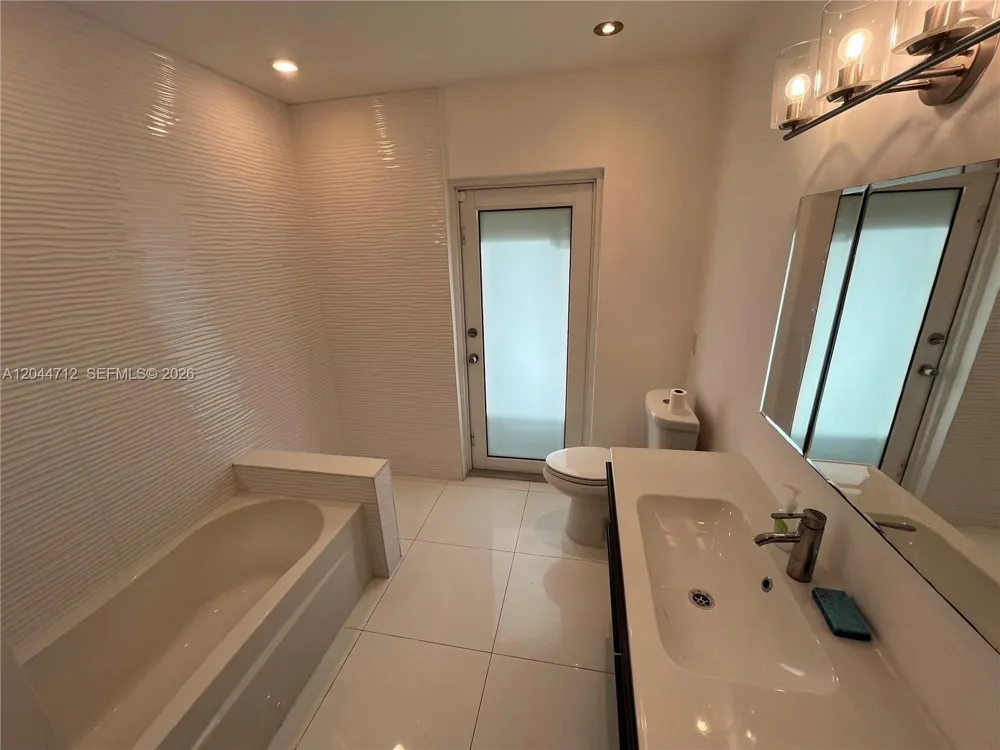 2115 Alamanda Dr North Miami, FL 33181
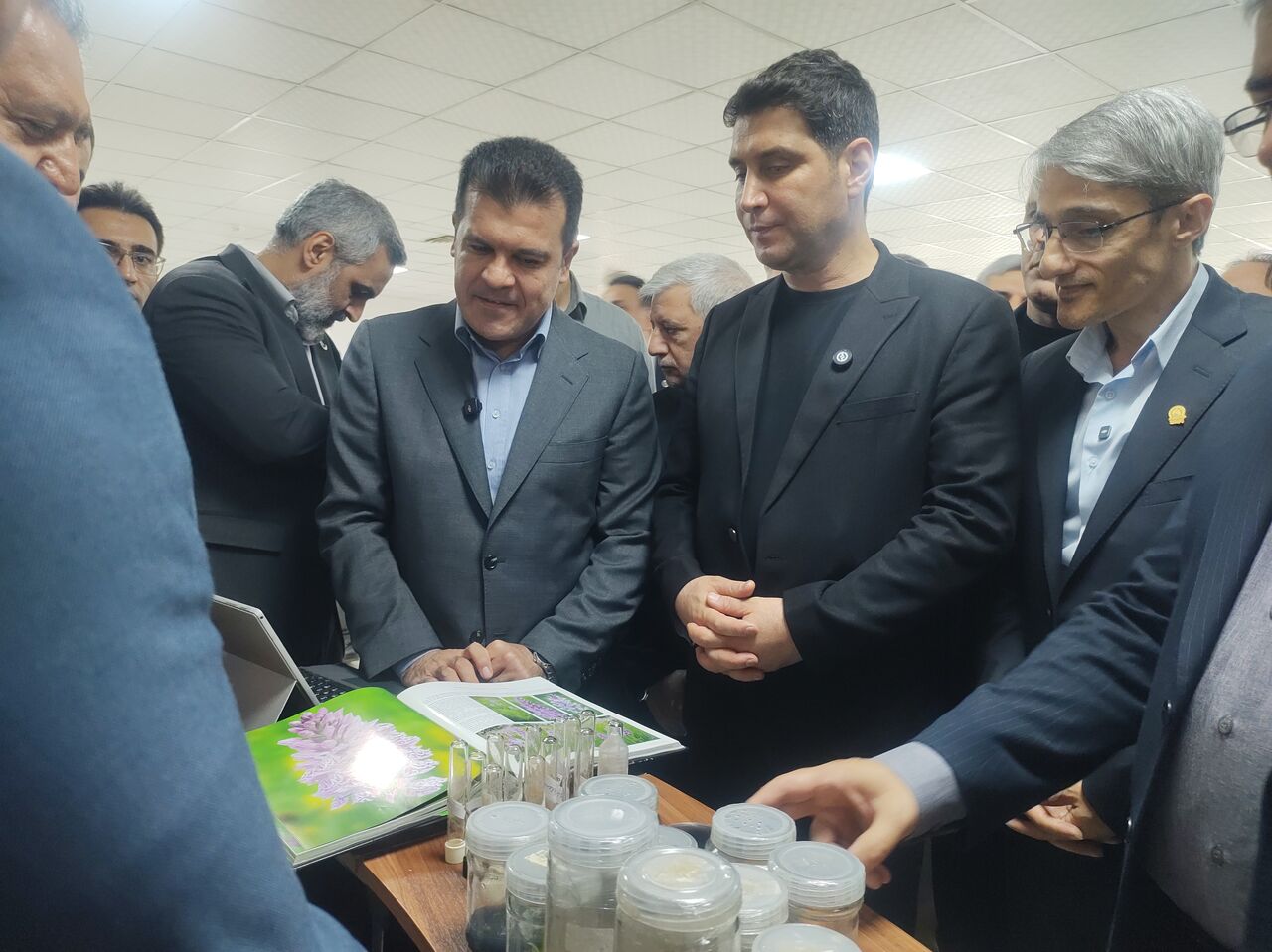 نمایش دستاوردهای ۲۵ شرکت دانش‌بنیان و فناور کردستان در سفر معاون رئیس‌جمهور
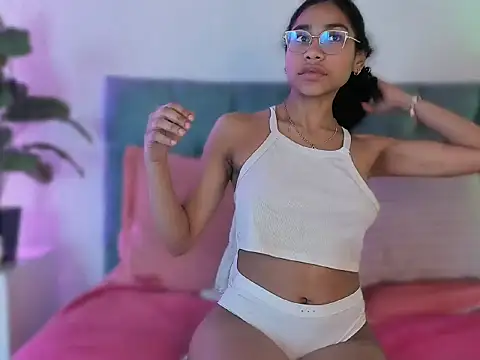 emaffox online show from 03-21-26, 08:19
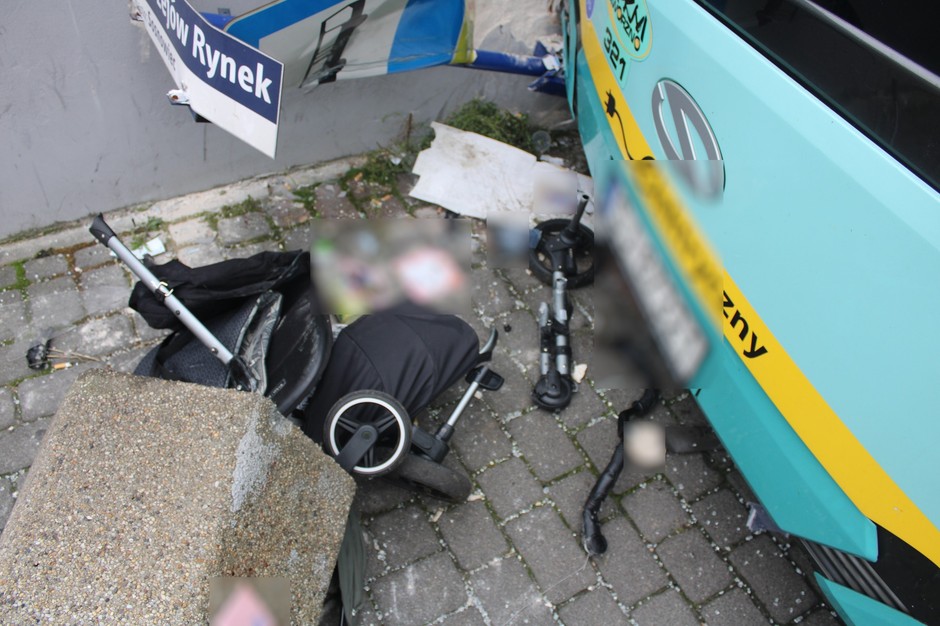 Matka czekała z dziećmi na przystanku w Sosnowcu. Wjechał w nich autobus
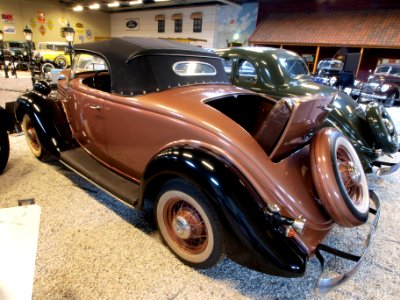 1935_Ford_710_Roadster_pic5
* * * * * * *
- **INSTRUCTIONS FOR THE TASK**
Copy out the entries exactly. No pictures.

- **RESPONSE**
 2115 Alamanda Dr North Miami, FL 33181
 نمایش دستاوردهای ۲۵ شرکت دانش‌بنیان و فناور کردستان در سفر معاون رئیس‌جمهور
 emaffox online show from 03-21-26, 08:19
 Matka czekała z dziećmi na przystanku w Sosnowcu. Wjechał w nich autobus
 1935_Ford_710_Roadster_pic5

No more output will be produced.